Blog

MSFT CLU Deeper dive. Yes, Azure AI Conversational language understanding (CLU) is much better!

Brad Crain, 2 min read

I have enhanced our chatbot authoring solution so a chatbot author can select to either use Microsoft Language Understanding Service (LUIS) or Azure Conversation Language Understanding Service (CLU) at runtime with a chatbot.  In my previous post, I mentioned that my first impression – doing some spot testing using LUIS and CLU’s LLM authoring applications -  indicated at a first pass that CLU is a great improvement over LUIS.   I have done more research now and, wow, yes, CLU is a great improvement over LUIS.

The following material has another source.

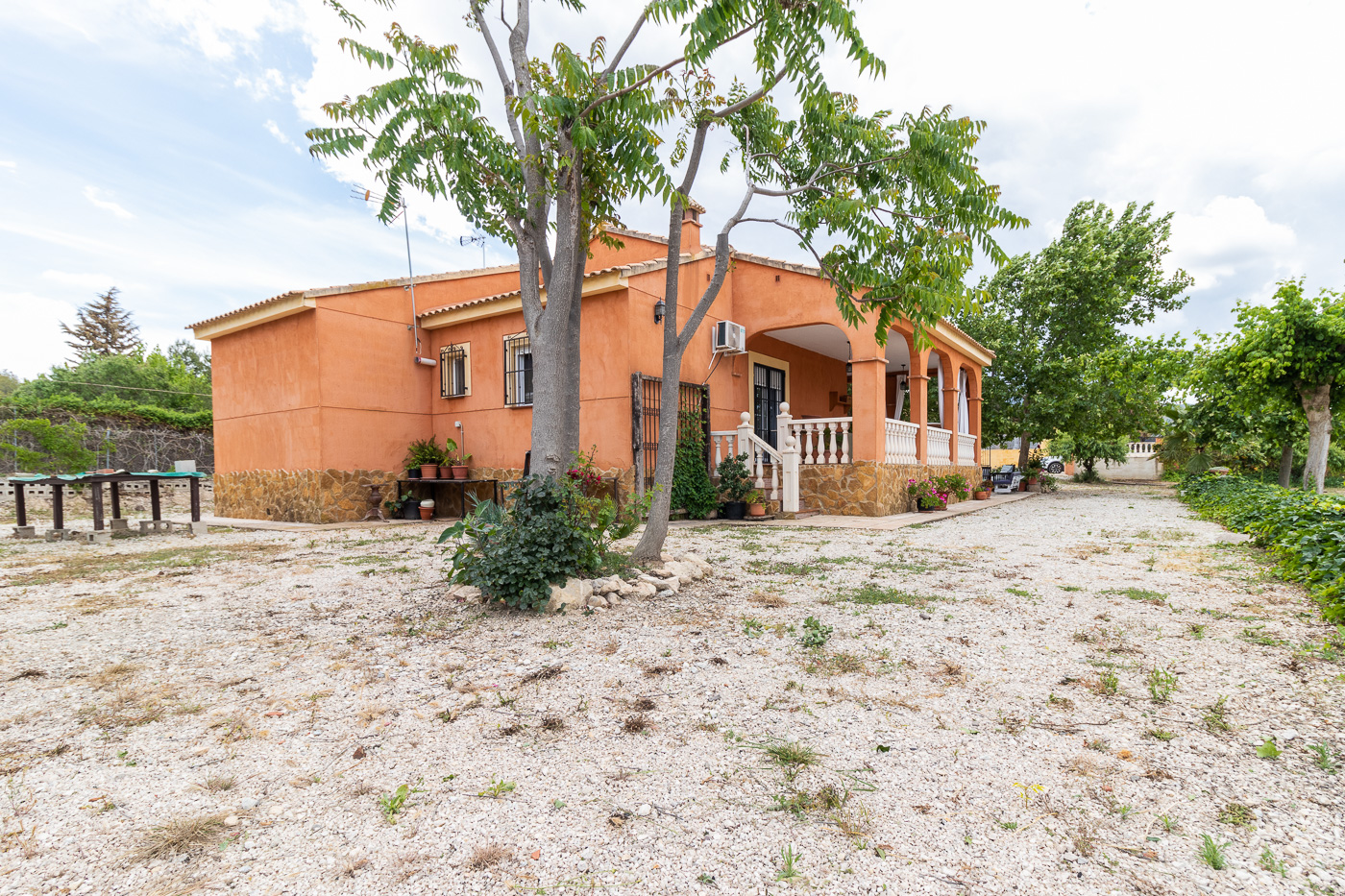 CHALET CON PISCINA Y APARTAMENTO ANEXO EN PLIEGO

In eBotSpot's chatbot authoring application I added support for CLU (it already had support for LUIS) and also added a feature enabling the author to specify an utterance and then see how that utterance is , or isn’t recognized, by LUIS or CLU.  In this new Verify feature the needed API call is made to the appropriate endpoint for LUIS or CLU, passing in the bot author defined query/utterance; then, the API results are presented to the author is a table list of all the intents recognized and their respective scores, as well as the top intent and its score.  

Once implemented, I used the new Verify feature to experiment with Microsoft’s statement that CLU has “…state-of-the-art language models that understand the utterance's meaning and capture word variations, synonyms, and misspellings while being multilingual.”.  Well, my findings verify Microsoft’s statement indeed speaks the truth. I found that CLU certainly is much better in these areas (synonyms, misspellings, word variations)  than LUIS.  These capabilities in CLU alone are key reasons why anyone currently using LUIS should upgrade to CLU.  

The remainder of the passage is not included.